▶ **Data shown**:
*** Begin section ***

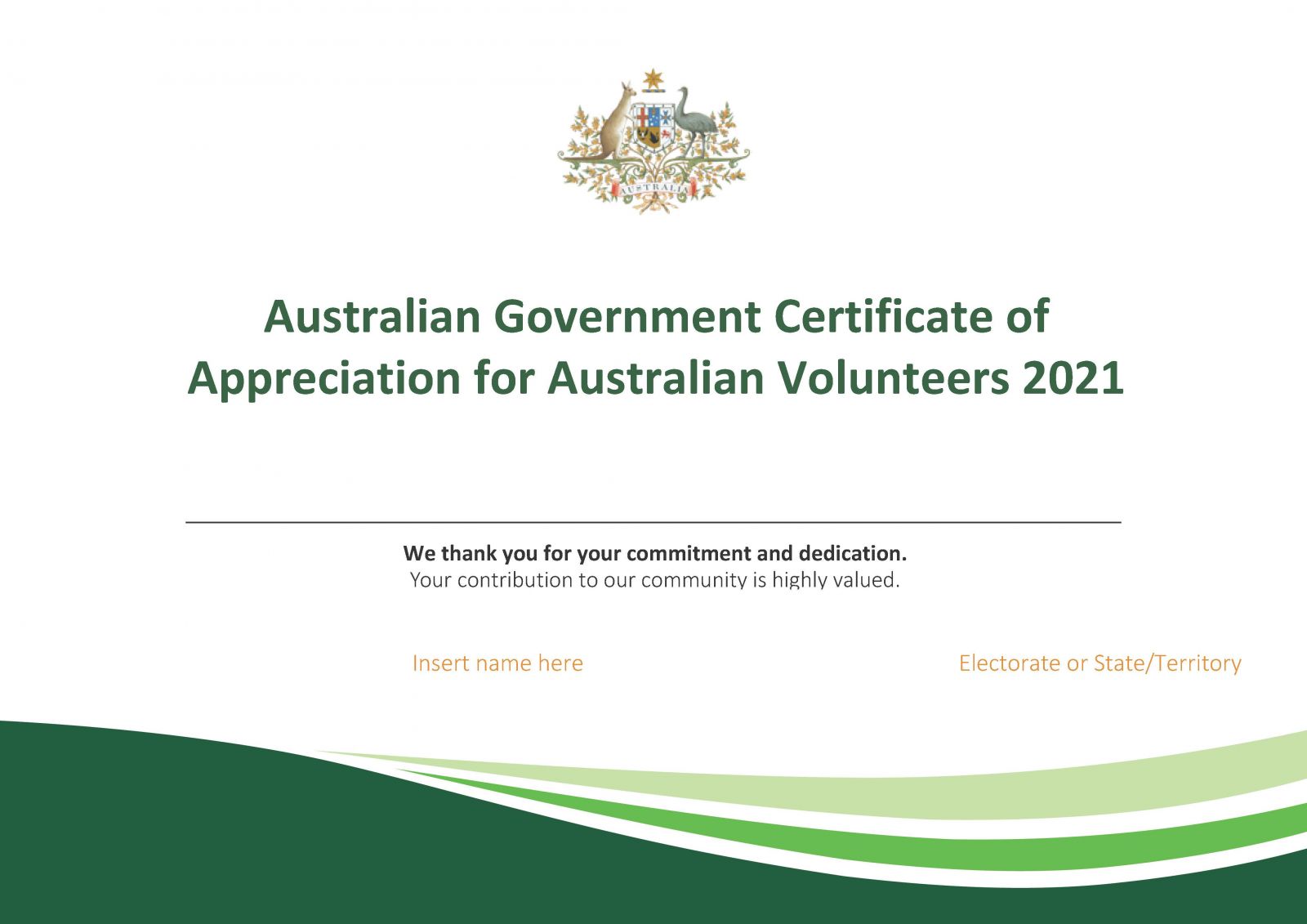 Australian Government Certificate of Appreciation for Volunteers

*** End section ***
*** Begin section ***

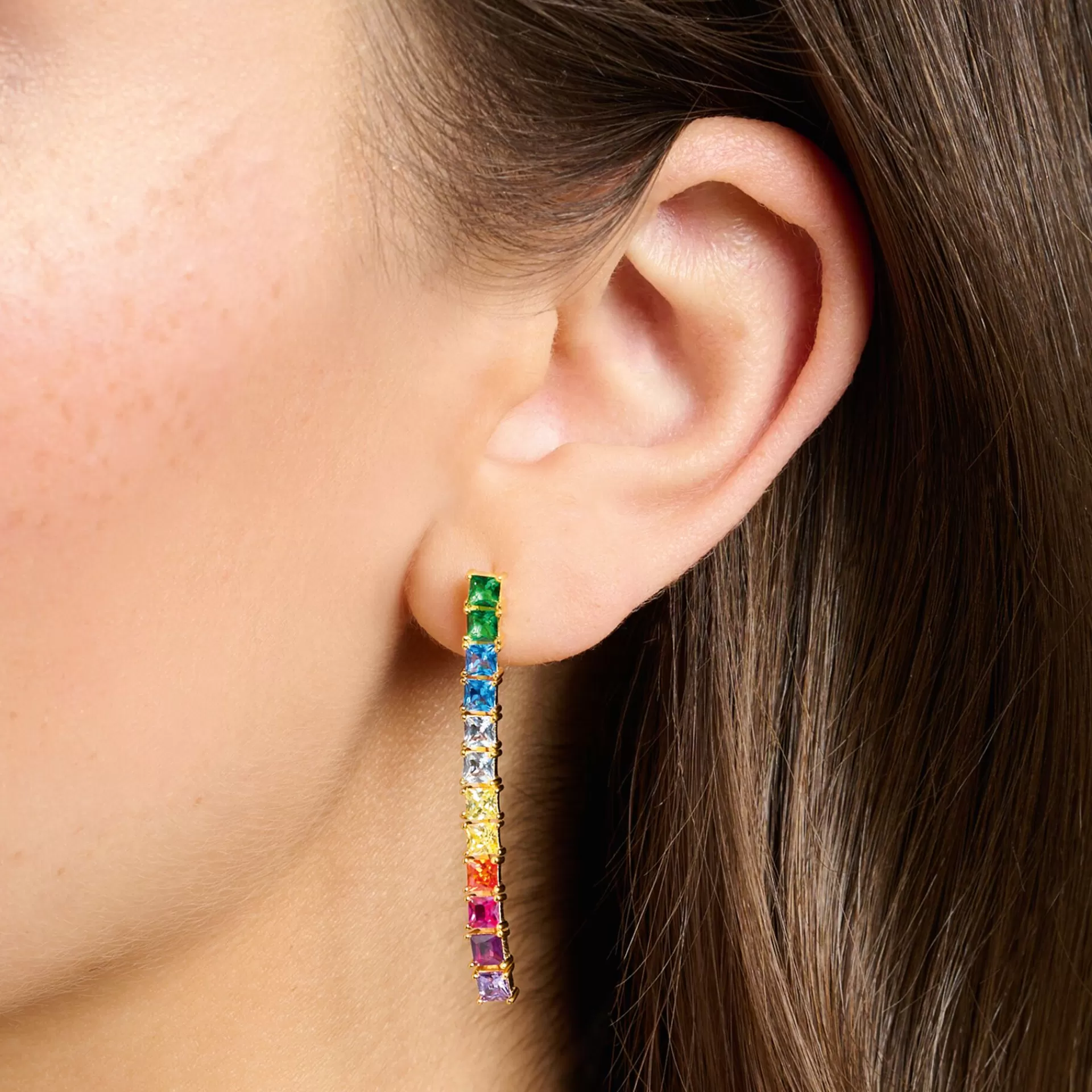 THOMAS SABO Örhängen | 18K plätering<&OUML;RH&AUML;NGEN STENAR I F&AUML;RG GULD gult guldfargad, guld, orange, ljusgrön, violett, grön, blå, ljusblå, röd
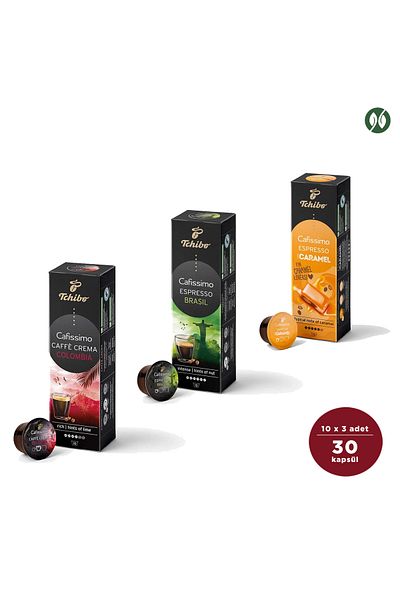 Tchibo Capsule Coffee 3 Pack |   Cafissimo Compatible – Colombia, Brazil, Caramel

*** End section ***
*** Begin section ***

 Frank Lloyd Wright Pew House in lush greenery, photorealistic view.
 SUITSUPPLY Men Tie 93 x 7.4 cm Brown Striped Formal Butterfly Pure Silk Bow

*** End section ***

Go to the line above that has "THOMAS SABO Örhängen" and copy exactly from there down to the line that has "Tchibo Capsule Coffee", both included. Leave the pictures out.

▶ **Reply to the exercise**:
 THOMAS SABO Örhängen | 18K plätering<&OUML;RH&AUML;NGEN STENAR I F&AUML;RG GULD gult guldfargad, guld, orange, ljusgrön, violett, grön, blå, ljusblå, röd
 Tchibo Capsule Coffee 3 Pack |   Cafissimo Compatible – Colombia, Brazil, Caramel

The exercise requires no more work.